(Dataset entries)
◇ ◇ ◇ ◇

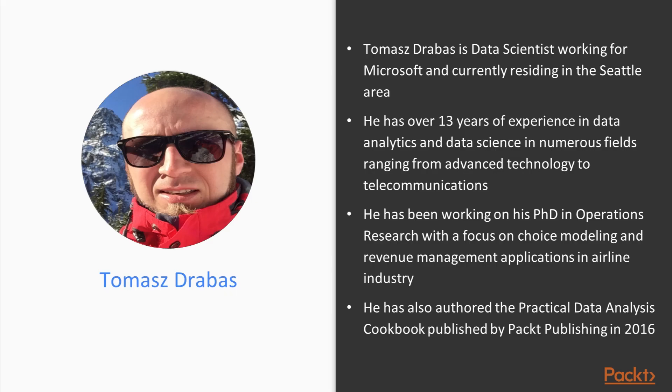Tomasz Drabas is a data scientist working for Microsoft and currently residing in the Seattle area. He has over 13 years of experience in data analytics and data science in numerous fields, ranging from advanced technology to telecommunications.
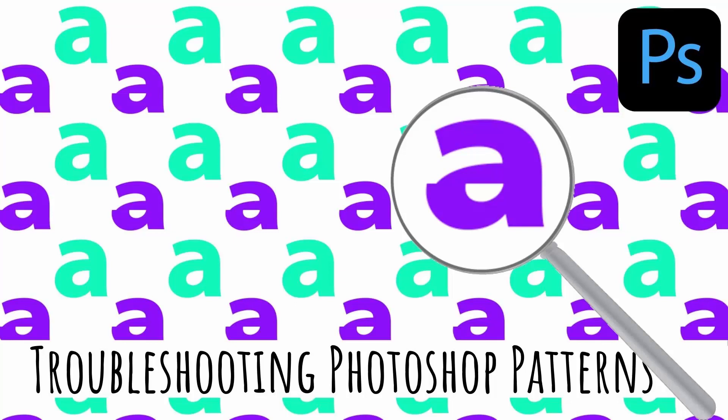Hello and welcome to this video tutorial. Today I'm going to explain how to troubleshoot a problem which I've been experiencing in Photoshop in relation to making patterns, in particular where you use the offset filter to make those patterns.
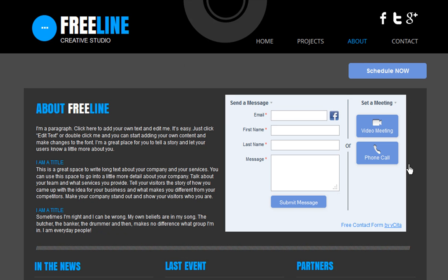With Visita's Contact Form Plus and Meeting Scheduler, your site visitors can schedule time to meet with you in person, over the phone, or using online video.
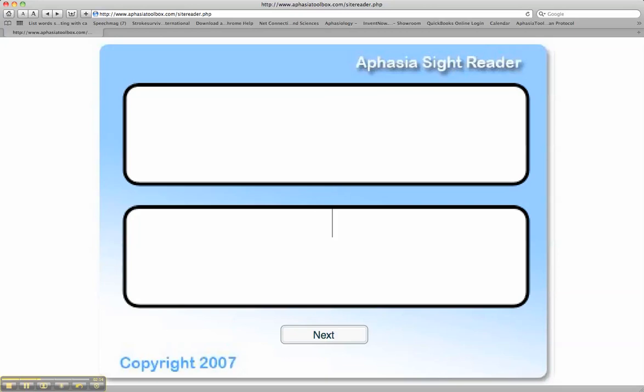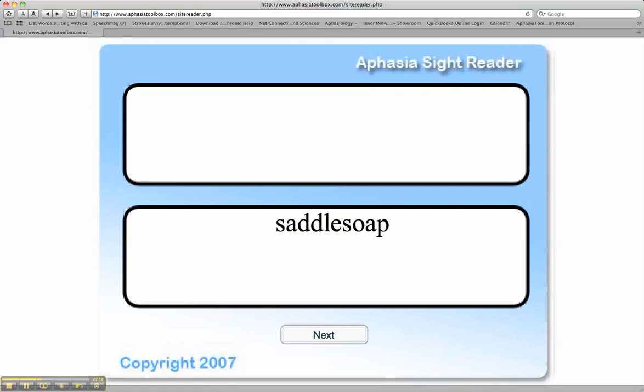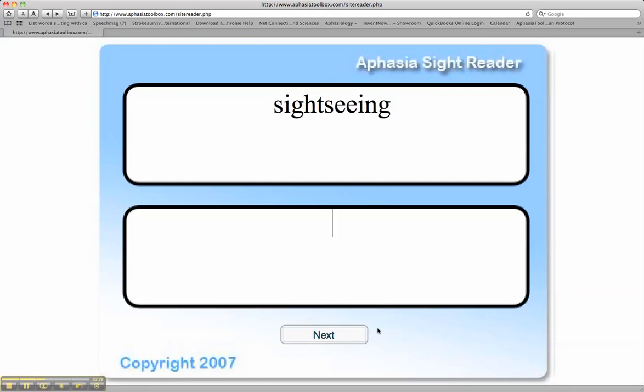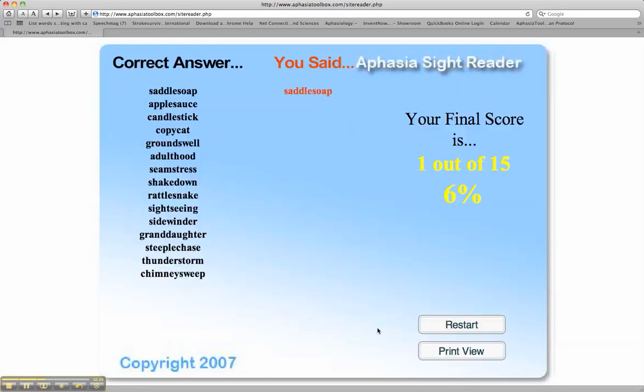Say the first word, saddle, and type it. Say the second word, soap, and type it. Again, breaking the compound word into two words, working on working memory and spelling memory, and we have the final summary.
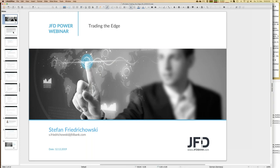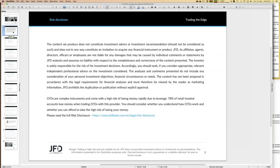Before we start, I have to show the risk disclaimer. We talk about trading, investments, and trading strategies — entries, exits, and so on — but when it comes to your trading, you do everything on your own responsibility. That has to be mentioned at least once during a webinar.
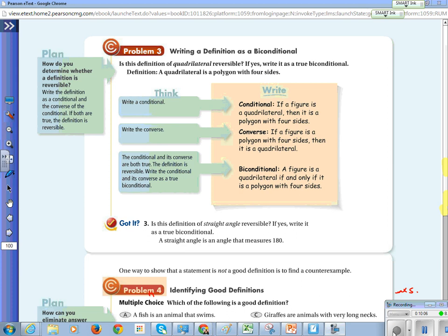Problem three: write a definition as a biconditional. Is the definition of quadrilateral reversible? A quadrilateral is a polygon with four sides. The conditional is: if a figure is a quadrilateral, then it is a polygon with four sides. The converse is: if a figure is a polygon with four sides, then it is a quadrilateral. Because both are true, the biconditional is: a figure is a quadrilateral if and only if it is a polygon with four sides.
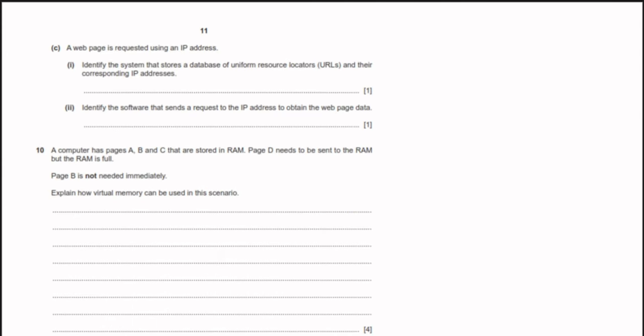A webpage is requested using an IP address. The system that stores a database of URLs and their corresponding IP addresses is called the Domain Name System (DNS). The software that sends a request to the IP address to obtain the webpage data is the web browser.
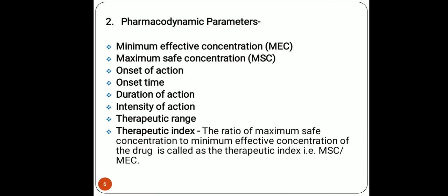Onset of action is the condition at which the drug gives its first pharmacological response. Onset of time is the time at which the drug gives that first onset of action. Duration of action is the specific time duration over which the drug produces a pharmacological action. Intensity of action is the maximum drug concentration present in the body to produce peak plasma concentration. Therapeutic range is the range between the minimum effective concentration and maximum safe concentration. Therapeutic index is the ratio of maximum safe concentration to minimum effective concentration.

◇ ◇ ◇ ◇

**Task objective:**
Would you output only the span of the records above that opens with the line containing "Say the first" and closes with the line containing "Before we start, I", ends included and pictures dropped?

**Finished task:**
Say the first word, saddle, and type it. Say the second word, soap, and type it. Again, breaking the compound word into two words, working on working memory and spelling memory, and we have the final summary.
Before we start, I have to show the risk disclaimer. We talk about trading, investments, and trading strategies — entries, exits, and so on — but when it comes to your trading, you do everything on your own responsibility. That has to be mentioned at least once during a webinar.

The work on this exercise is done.